A convex function is a real-valued mathematical function whose graph curves upward, forming a bowl or cup shape. Formally, a function is convex if the line segment connecting any two points on its graph lies on or above the graph itself. Convex functions are foundational to convex optimization and play a central role in machine learning, where they guarantee that optimization algorithms such as gradient descent can find global minima efficiently.
Imagine you have a bowl sitting on a table. If you drop a marble into the bowl, it will always roll down to the very bottom, no matter where you drop it. A convex function is like the inside surface of that bowl. There is only one lowest point, and every path leads down to it.
In machine learning, we use bowl-shaped (convex) functions to measure how wrong our predictions are. Because the function is shaped like a bowl, our training algorithm can always find the single best answer by rolling downhill. If the function were bumpy with lots of dips (non-convex), the marble might get stuck in a small dip that is not the true bottom, and our model would not learn the best possible answer.
Let f : R^n -> R be a function whose domain is a convex set. The function f is convex if, for all x, y in its domain and for every t in [0, 1]:
f(tx + (1 - t)y) <= t f(x) + (1 - t) f(y)
Geometrically, this inequality states that the chord (line segment) between any two points (x, f(x)) and (y, f(y)) on the graph of f lies on or above the graph. Equivalently, the epigraph of f (the set of points lying on or above the graph) is a convex set.
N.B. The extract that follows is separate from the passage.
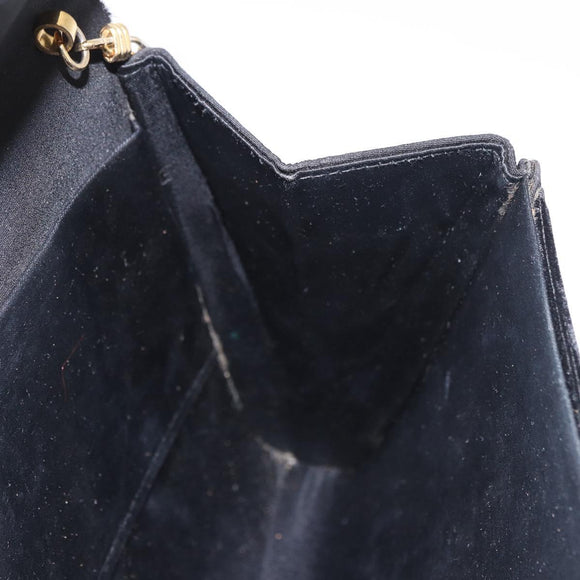 GUCCI Chain Shoulder Bag Velor Black Gold Auth ep14794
A function f is concave if -f is convex. Linear and affine functions are the only functions that are both convex and concave simultaneously.
A function f is strictly convex if the inequality holds with strict inequality for all distinct x != y and for all t in (0, 1):
f(tx + (1 - t)y) < t f(x) + (1 - t) f(y)
Strict convexity means the chord between two distinct points lies strictly above the graph (never touching it except at the endpoints). A strictly convex function has at most one global minimum. If a minimum exists, it is unique. The function f(x) = e^x is a classic example: it is strictly convex on all of R, but it does not attain a minimum.
Strong convexity is a more powerful condition that quantifies how "curved" a function is. A differentiable function f is mu-strongly convex (for some mu > 0) if for all x, y in its domain:
f(y) >= f(x) + nabla f(x)^T (y - x) + (mu / 2) ||y - x||^2
Intuitively, a mu-strongly convex function grows at least as fast as a quadratic with curvature parameter mu. This provides a quadratic lower bound on the function, guaranteeing a unique global minimum and enabling stronger convergence guarantees for optimization algorithms.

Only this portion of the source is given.